No problem. Peppers, like tomatoes, will continue to ripen after they're picked if left unrefrigerated. I let the peppers set out on the counter for a couple of weeks. They can set for quite a while, but try to process jalapenos before the stem starts to separate from the body of the chile. Some peppers with thinner walls will continue to ripen and then dry, but jalapenos are too fleshy - they tend to rot before they'll dry. Smoking them is one way to preserve your jalapenos - canning them as nacho slices, or freezing them whole, sliced, or stuffed with a cream cheese mixture to turn into poppers, or whipping up a batch of jalapeno hot sauce are other options (that link also has a recipe for my habanero-orange hot sauce - my absolute favorite, and why there are also habanero peppers ripening on my counter).

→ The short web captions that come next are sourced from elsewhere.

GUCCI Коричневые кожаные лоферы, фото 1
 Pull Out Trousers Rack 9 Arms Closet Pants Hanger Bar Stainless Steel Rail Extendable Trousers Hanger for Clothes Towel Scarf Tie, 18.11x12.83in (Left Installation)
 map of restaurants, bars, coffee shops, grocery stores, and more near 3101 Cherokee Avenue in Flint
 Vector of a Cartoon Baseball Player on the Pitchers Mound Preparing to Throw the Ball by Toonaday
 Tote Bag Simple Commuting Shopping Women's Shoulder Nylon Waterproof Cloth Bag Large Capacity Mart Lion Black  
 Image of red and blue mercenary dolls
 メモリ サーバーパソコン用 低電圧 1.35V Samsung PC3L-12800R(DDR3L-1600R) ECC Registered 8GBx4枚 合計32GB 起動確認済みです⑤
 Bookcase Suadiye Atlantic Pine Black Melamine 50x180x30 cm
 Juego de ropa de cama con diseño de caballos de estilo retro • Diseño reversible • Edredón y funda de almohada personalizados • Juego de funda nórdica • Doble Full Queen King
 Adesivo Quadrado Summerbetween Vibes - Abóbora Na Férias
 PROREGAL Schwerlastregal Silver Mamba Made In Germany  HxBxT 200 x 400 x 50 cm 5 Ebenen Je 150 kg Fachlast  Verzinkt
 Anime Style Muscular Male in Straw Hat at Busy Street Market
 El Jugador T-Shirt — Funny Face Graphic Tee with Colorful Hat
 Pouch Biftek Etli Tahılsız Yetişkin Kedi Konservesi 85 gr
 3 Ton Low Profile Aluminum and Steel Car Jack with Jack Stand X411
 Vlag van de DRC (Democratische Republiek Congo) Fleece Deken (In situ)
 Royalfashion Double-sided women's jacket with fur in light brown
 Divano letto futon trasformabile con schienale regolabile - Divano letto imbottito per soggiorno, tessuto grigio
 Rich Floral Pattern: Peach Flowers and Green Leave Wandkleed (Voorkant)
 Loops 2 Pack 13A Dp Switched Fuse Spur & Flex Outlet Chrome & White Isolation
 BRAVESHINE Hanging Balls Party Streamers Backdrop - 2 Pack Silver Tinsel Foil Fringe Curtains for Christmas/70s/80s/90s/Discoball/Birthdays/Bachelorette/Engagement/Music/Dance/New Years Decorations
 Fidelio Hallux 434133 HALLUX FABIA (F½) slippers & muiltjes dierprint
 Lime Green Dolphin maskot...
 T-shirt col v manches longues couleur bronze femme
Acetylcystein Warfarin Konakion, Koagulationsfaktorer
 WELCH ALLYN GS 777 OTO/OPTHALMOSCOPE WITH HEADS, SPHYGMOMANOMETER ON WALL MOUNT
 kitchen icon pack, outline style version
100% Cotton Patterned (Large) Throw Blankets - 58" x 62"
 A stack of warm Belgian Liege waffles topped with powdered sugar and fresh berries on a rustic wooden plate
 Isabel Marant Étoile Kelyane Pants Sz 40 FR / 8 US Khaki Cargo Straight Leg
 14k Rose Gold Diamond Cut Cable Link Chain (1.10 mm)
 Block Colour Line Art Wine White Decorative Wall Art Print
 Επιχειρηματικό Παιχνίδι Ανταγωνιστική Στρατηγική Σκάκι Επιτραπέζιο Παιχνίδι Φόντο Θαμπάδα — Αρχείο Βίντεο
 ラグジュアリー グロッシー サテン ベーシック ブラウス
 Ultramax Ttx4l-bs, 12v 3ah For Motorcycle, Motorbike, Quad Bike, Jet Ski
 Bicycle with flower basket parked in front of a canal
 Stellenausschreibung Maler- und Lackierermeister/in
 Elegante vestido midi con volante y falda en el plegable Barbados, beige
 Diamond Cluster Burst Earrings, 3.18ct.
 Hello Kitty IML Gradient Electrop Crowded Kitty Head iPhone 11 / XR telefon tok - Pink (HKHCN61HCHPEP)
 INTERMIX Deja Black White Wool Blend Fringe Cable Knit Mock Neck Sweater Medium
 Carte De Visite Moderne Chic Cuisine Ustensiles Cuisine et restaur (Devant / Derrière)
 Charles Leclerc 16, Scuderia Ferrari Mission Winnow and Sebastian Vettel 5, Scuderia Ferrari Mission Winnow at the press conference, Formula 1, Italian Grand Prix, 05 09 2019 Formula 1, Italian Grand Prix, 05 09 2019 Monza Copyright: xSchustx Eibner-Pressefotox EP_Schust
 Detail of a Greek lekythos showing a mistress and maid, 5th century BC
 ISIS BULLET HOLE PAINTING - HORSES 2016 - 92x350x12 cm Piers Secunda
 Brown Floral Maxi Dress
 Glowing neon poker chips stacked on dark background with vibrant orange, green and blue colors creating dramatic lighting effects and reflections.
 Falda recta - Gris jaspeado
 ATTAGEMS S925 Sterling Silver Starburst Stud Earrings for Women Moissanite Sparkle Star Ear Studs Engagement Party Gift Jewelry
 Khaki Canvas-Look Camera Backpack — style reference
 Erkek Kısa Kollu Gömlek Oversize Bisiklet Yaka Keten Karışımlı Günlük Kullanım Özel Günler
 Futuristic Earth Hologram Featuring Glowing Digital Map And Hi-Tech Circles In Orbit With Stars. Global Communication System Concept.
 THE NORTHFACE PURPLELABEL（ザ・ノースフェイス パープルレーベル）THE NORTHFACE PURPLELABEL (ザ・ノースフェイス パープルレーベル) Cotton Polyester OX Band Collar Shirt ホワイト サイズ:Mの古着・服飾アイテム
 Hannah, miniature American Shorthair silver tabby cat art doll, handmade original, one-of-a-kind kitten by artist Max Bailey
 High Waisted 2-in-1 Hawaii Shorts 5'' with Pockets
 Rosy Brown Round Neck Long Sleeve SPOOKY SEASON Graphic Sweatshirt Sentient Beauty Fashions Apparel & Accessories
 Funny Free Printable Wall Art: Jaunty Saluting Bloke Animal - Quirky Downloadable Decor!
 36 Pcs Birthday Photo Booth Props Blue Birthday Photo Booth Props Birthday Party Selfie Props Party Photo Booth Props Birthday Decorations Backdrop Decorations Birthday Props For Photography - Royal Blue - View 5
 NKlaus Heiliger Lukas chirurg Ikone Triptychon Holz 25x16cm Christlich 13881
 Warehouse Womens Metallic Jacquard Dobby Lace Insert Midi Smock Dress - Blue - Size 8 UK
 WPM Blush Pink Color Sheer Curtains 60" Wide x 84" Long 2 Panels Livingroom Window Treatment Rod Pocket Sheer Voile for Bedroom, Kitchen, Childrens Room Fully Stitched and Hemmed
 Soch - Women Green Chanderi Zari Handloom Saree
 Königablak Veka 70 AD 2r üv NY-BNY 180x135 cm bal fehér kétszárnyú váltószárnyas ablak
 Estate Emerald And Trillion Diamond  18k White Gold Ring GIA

But I digress. We're supposed to be making a smoker to turn jalapenos into chipotles. Commercial smokers, that have been previously used for meat, can give a greasy, and later rancid, taste to the chiles, so it's best to use something just for the chipotles. Unless you're planning on going into the chipotle business, a temporary smoker made from easily acquired items is the way to go. The main thing to remember is that you don't want to cook the jalapenos, but rather let the smoke waft away the moisture in the chiles as it also infuses them with flavor. The best way to do that is to make a separate firebox, and then connect it to your smoking box with a piece of pipe. Of course, the firebox portion has to be able to withstand fire, so I've used some cinder blocks and a piece of steel pipe. I used some crumpled foil to fill in the areas between round pipe and square blocks, but it doesn't have to be perfectly airtight. The smoker section, on the other hand, only has to hold the chiles suspended in the smoke while it acts as an offset chimney, so a cardboard box works fine. In the past, I've found taller boxes (that held a windshield, or a washer) but this year I just picked up a couple of smaller ones. They were two different diameters though, and instead of trying to fit them together, I found a piece of roof vent flashing, set that on the bigger box, then the smaller box, and taped the flaps of the bottom box to the upper box, just in case the wind came up (and notice that there are bricks holding down the flaps of the bottom box for the same reason). For a more primitive option, depending on your soil type, you could dig a firepit and smoke trench, covering both with metal or even rocks, and then add your cardboard smoke box.

Next, you need some way to suspend the peppers in the rising smoke. A pan poked full of holes could work, but isn't ideal - the peppers would tend to steam in their juices more than dry. In the past, I've strung the peppers on lengths of string, and hung that draped across dowels poked through the box. That's not too bad, depending on how you want to use your chipotles. If you're just dropping them whole into a pot of soup, it's ok, but if you're planning on grinding some into powder or making some in adobo sauce the string can be difficult to deal with. A wire basket or a rack that won't allow the chiles to drop through is best. I bent a piece of hardware cloth into a tray, supporting it with the (cut-down) cardboard divider inside the box plus a couple pieces of coat hangers stuck through either end of the box.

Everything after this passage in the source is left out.